The low case mappings of the Tura custom input method

Furthermore, you might wish to modify the part “\ue003\ue004\ue005” in brackets after TextField.addInputMode and TextField.setDefaultInputModeOrder, which stands for <ɛ̀ɛ̂ɛ́>. This is just the way I chose to indicate the low case Tura custom input method at the right end of the search box in WK, similar to “Abc” or “123”.

When you are done with adding your custom input method, build the WK project in NetBeans (there is a button for this in NetBeans). To update the WK binaries in wkimporting, all you need to do is replace all the files in the directory wkimporting/bundle/build/preverified with all the preverified binaries from the project. So build the project and then go to build/preverified and copy everything except the ‘META-INF’ and ‘res’ directories to wkimporting/bundle/build/preverified.
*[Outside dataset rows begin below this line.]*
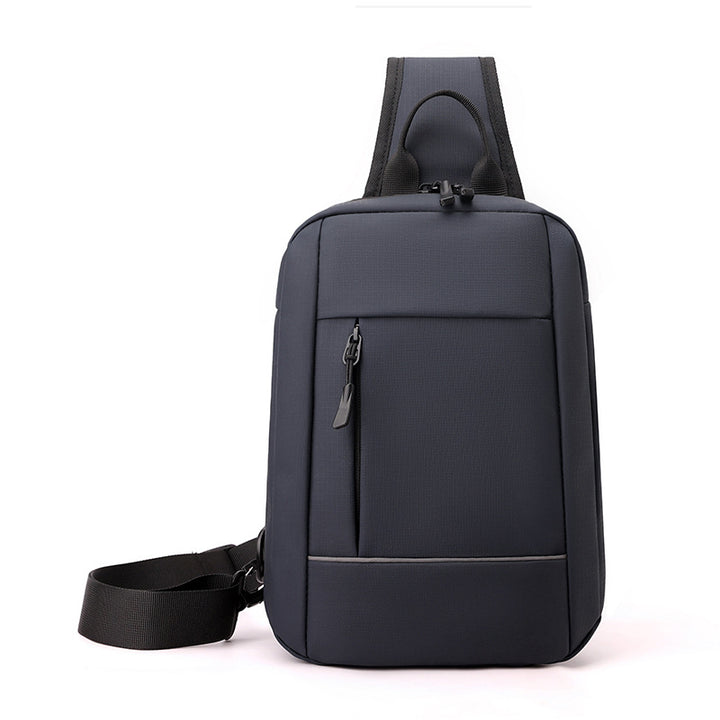 Slim Profile Anti-Theft Sling Bag Kalsten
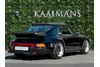 Porsche 911 Turbo (930)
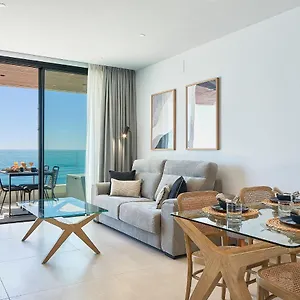  Apartment Rincon Mediterraneo
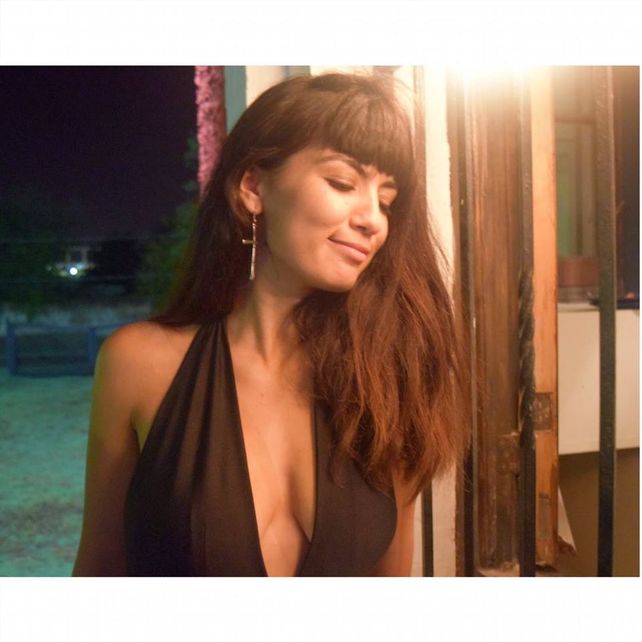 Ludmila Romero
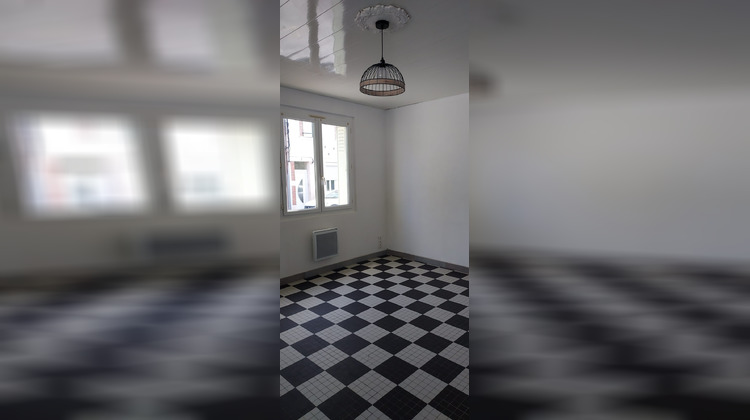 Ma-Cabane - Location Appartement Graulhet, 70 m²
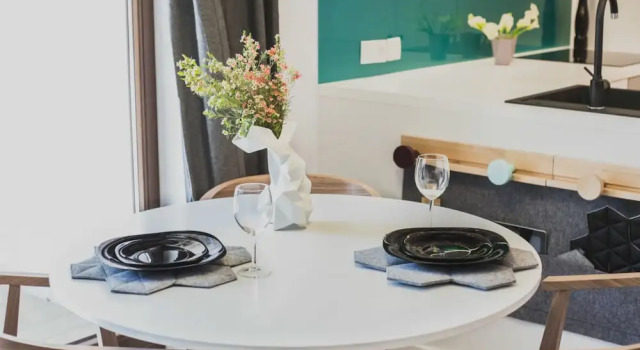 Апартаменты Comfort Apartamenty Gdańsk-Old Town Szafarnia 6a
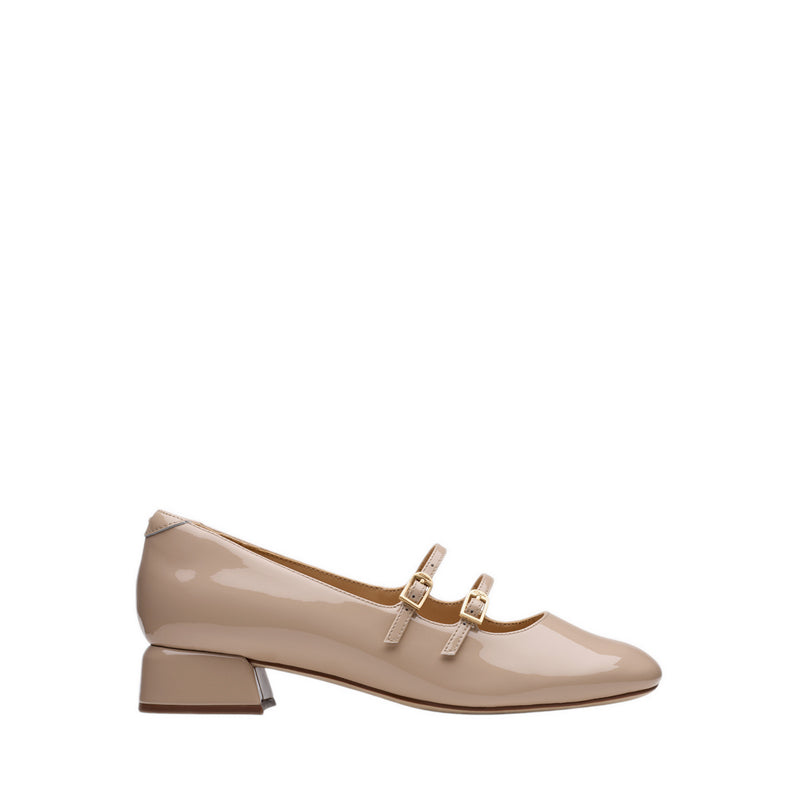 Daiss30 Shine Sand Patent
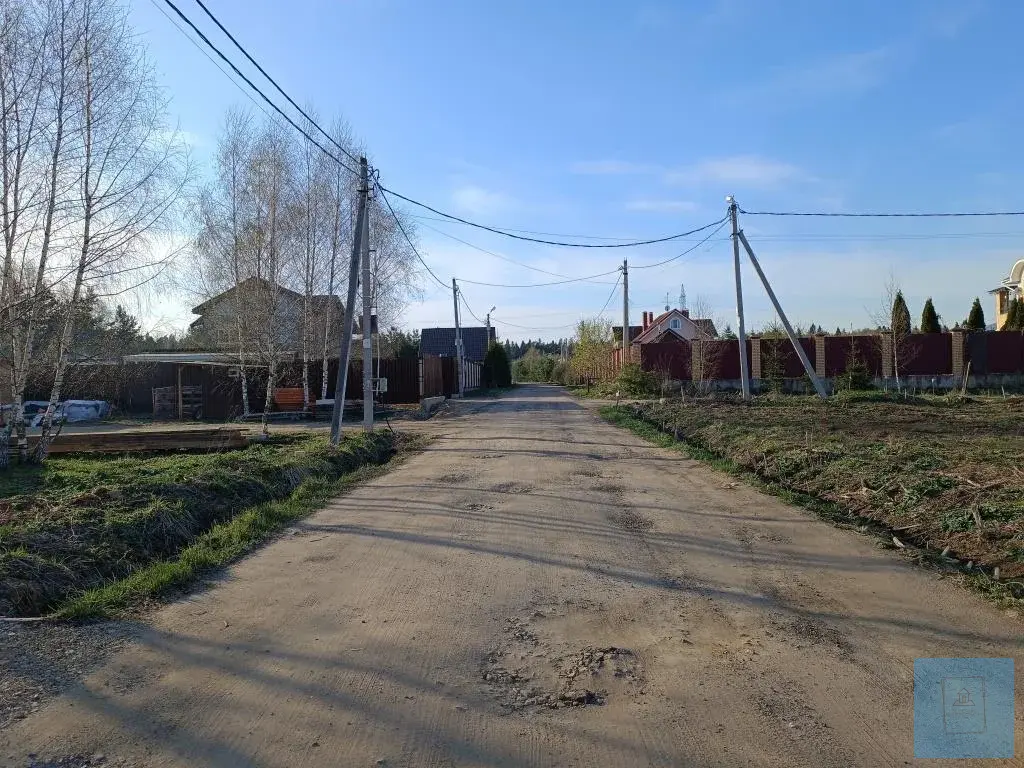 1,45 га рядом с Пятницким шоссе. - Фото 4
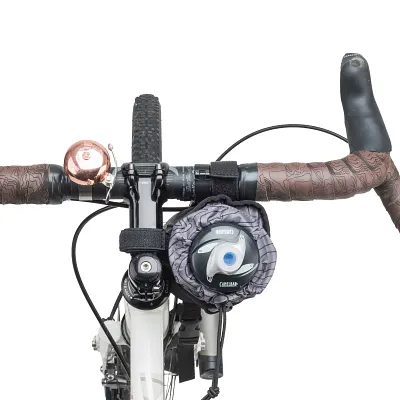 BBN OUTPOST CARRYALL BAG BLK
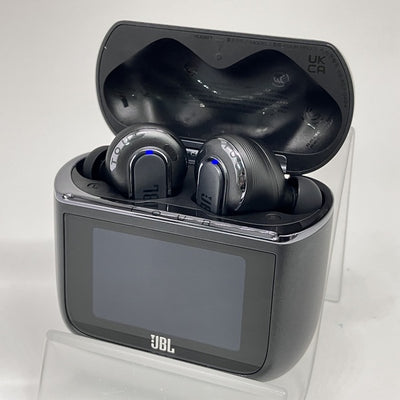 【中古】TOUR PRO 3 ブラック【JBLTOURPRO3BLK】【秋葉原】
Basically, that’s it. Now, after you import the dictionary into WK, you should get a dictionary with the custom input method you defined.

Unicode and custom input methods in Wunderkammer (#3: Theme file)

Step 2: Dictionary theme file.

You can customize the dictionary theme file with the LWUIT resource editor in many ways. For instance, you can create a bitmap font and include it into the theme file. The procedure is rather straightforward. You select a font installed on your system, its size and style, anti-aliasing method and define a character set that needs to be included in the bitmap font. For example, the character set of TuraGSM Sans Condensed I used is reproduced below. Note that the last character in the charset is a space (U+0020).

TuraGSM Sans Condensed charset for the Tura dictionary theme file

TuraGSM Sans Condensed charset for the Tura dictionary theme file

Unicode and custom input methods in Wunderkammer (#2: Font)

Step 1: Font

You need to have a font with all the necessary characters as single glyphs. The reason is that the dictionary theme file in LWUIT (step 2) uses a bitmap font which cannot use combining characters (LWUIT creates such a font for you from any font available on your system). Thus, the character <à>, latin small letter a with grave, must be represented by a glyph with unicode point U+00E0 and not as a combination of two glyphs, viz. one with U+0061 for <a> and one with U+0300 for the combining grave accent. This single glyph requirement was problematic for the Tura script because it contains a range of characters, viz. some IPA characters with tone diacritics, that Unicode fonts render only by means of a combination of a glyph for the respective letter with a combining glyph for the diacritic, such as <ɔ̀> latin small letter open o with grave.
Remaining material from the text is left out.